▶ **Task prompt**
When the line with "Download Lagu How" appears below, start repeating lines exactly, and keep going through the line with "2026 GMC Sierra"; add nothing outside that span.

▶ **Exercise materials**
========

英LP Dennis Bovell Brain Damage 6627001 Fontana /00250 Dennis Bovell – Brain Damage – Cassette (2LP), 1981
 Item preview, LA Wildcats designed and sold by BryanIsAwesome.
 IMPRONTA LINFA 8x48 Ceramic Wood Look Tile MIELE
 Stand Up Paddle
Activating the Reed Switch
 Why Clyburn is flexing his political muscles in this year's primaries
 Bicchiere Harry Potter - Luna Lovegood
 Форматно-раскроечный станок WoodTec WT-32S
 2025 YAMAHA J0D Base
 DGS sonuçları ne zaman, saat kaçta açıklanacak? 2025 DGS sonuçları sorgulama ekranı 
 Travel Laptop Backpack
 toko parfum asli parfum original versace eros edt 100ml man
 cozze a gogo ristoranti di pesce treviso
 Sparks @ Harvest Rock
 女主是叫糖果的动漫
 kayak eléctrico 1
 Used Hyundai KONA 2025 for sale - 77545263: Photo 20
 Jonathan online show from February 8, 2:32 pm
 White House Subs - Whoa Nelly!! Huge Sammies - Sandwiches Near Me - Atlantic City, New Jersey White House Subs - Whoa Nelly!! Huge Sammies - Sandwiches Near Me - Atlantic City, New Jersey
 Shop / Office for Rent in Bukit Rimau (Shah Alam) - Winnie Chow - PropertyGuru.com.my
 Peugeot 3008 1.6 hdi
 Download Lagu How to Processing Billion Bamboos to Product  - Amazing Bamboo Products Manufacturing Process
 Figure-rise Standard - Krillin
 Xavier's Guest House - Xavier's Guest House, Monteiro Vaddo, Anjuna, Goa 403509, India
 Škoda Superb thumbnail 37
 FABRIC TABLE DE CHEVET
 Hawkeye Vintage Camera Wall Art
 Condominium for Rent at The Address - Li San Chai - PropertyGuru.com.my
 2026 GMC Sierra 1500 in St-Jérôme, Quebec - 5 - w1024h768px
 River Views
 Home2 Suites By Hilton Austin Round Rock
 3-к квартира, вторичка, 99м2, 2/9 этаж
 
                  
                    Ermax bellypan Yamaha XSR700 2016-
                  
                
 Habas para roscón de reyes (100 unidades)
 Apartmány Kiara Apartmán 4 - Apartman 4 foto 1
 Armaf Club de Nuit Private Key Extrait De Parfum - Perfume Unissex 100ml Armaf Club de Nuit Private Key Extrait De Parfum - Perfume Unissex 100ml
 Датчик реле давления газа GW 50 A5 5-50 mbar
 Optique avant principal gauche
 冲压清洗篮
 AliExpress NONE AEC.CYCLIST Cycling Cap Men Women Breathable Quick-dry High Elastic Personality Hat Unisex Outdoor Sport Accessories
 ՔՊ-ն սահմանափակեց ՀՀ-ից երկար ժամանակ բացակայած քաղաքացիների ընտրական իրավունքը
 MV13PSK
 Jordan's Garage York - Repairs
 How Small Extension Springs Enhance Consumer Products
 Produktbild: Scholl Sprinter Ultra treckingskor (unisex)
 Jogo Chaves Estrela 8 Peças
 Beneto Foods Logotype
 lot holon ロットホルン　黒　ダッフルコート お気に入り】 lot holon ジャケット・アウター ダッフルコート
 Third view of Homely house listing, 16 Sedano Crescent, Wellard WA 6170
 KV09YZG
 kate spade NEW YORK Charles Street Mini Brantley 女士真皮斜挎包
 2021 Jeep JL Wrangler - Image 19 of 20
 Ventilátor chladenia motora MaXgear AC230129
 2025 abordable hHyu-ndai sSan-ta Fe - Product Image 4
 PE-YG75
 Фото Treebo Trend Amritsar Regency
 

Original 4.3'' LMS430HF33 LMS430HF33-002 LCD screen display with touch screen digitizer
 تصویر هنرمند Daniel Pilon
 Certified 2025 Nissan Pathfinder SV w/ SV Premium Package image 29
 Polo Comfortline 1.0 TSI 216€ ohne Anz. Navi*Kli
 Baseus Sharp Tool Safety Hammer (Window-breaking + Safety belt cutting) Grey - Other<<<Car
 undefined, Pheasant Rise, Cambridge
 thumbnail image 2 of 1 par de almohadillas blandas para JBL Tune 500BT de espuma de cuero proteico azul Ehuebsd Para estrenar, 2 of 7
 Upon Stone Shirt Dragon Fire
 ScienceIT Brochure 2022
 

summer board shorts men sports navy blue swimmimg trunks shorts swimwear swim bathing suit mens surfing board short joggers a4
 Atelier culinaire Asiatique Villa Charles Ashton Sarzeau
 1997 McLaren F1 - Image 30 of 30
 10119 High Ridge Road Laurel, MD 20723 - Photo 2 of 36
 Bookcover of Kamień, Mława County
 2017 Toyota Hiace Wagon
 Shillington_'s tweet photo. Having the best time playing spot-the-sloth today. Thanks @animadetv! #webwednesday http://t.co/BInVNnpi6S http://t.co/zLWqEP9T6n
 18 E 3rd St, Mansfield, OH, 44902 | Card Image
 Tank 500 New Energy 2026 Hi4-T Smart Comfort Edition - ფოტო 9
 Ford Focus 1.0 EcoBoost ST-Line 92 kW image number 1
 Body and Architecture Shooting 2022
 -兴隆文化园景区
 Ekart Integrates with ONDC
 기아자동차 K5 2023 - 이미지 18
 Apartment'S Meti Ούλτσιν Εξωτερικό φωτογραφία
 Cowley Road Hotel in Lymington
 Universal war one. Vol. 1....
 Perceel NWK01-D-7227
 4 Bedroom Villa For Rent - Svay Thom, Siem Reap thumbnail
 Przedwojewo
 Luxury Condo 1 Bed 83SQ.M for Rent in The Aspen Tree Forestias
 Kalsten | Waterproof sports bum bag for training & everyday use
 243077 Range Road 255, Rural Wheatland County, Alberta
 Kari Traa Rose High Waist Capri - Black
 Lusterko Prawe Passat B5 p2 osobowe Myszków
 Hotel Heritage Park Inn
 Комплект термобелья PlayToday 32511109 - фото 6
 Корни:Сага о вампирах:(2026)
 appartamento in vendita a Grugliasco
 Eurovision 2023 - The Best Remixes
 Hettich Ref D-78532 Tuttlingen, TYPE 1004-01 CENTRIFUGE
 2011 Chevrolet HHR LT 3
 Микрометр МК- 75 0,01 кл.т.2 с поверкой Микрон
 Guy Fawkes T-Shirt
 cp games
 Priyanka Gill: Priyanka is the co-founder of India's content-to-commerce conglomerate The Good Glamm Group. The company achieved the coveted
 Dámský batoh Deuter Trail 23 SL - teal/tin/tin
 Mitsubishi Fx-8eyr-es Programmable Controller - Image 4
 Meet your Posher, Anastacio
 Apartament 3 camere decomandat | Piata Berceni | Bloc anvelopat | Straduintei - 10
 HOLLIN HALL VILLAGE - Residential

========

▶ **Task output**
 Download Lagu How to Processing Billion Bamboos to Product  - Amazing Bamboo Products Manufacturing Process
 Figure-rise Standard - Krillin
 Xavier's Guest House - Xavier's Guest House, Monteiro Vaddo, Anjuna, Goa 403509, India
 Škoda Superb thumbnail 37
 FABRIC TABLE DE CHEVET
 Hawkeye Vintage Camera Wall Art
 Condominium for Rent at The Address - Li San Chai - PropertyGuru.com.my
 2026 GMC Sierra 1500 in St-Jérôme, Quebec - 5 - w1024h768px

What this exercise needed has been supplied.